Reproduce the whole listing exactly, omitting any picture it holds.

▶ **Given information**:
■ ■ ■ ■

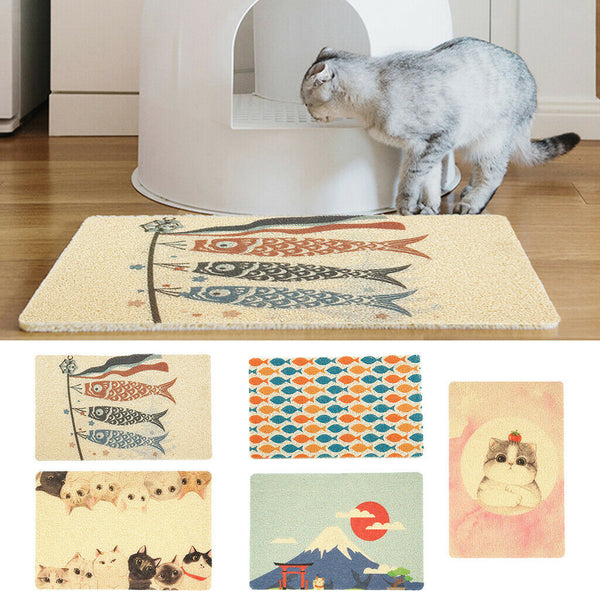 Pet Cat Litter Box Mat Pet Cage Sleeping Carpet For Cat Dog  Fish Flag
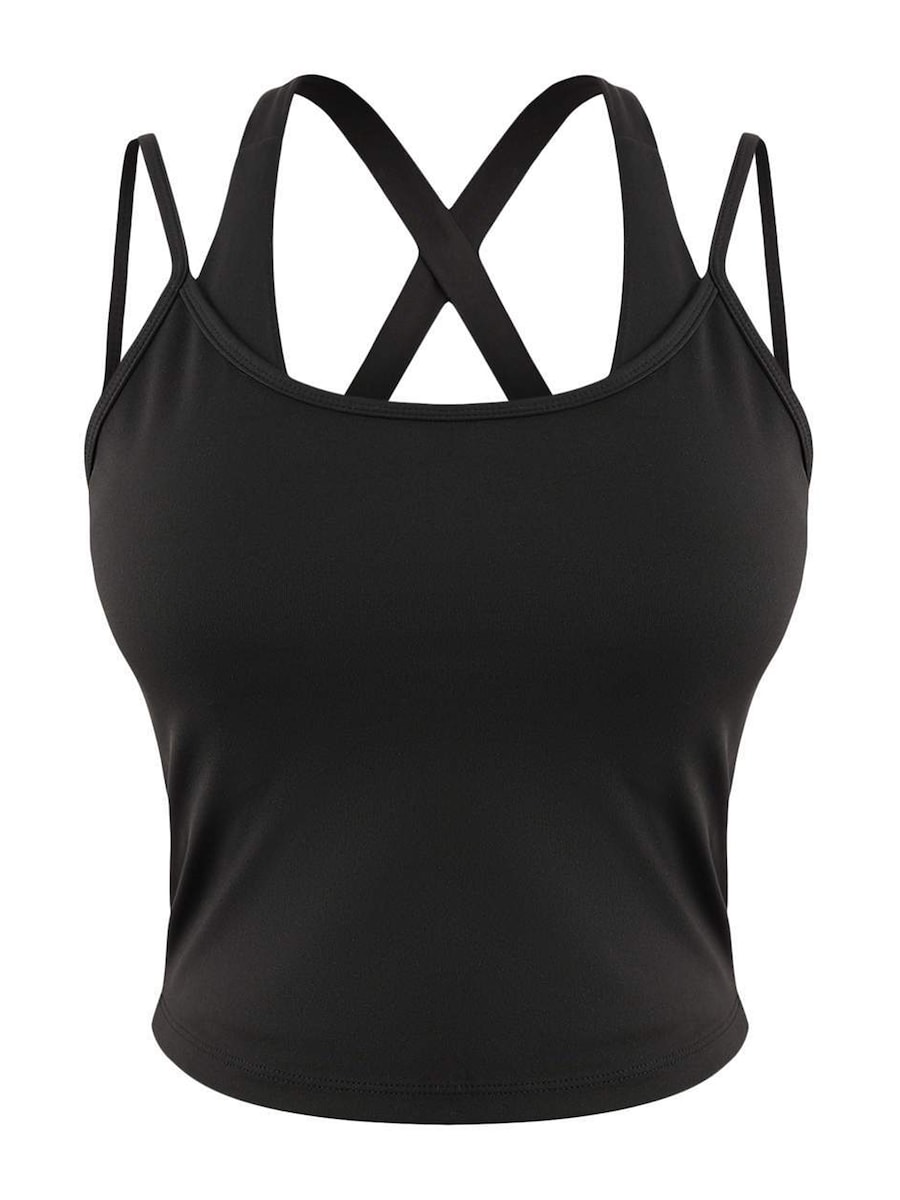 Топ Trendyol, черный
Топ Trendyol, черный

■ ■ ■ ■

▶ **Exercise result**:
 Pet Cat Litter Box Mat Pet Cage Sleeping Carpet For Cat Dog  Fish Flag
 Топ Trendyol, черный
Топ Trendyol, черный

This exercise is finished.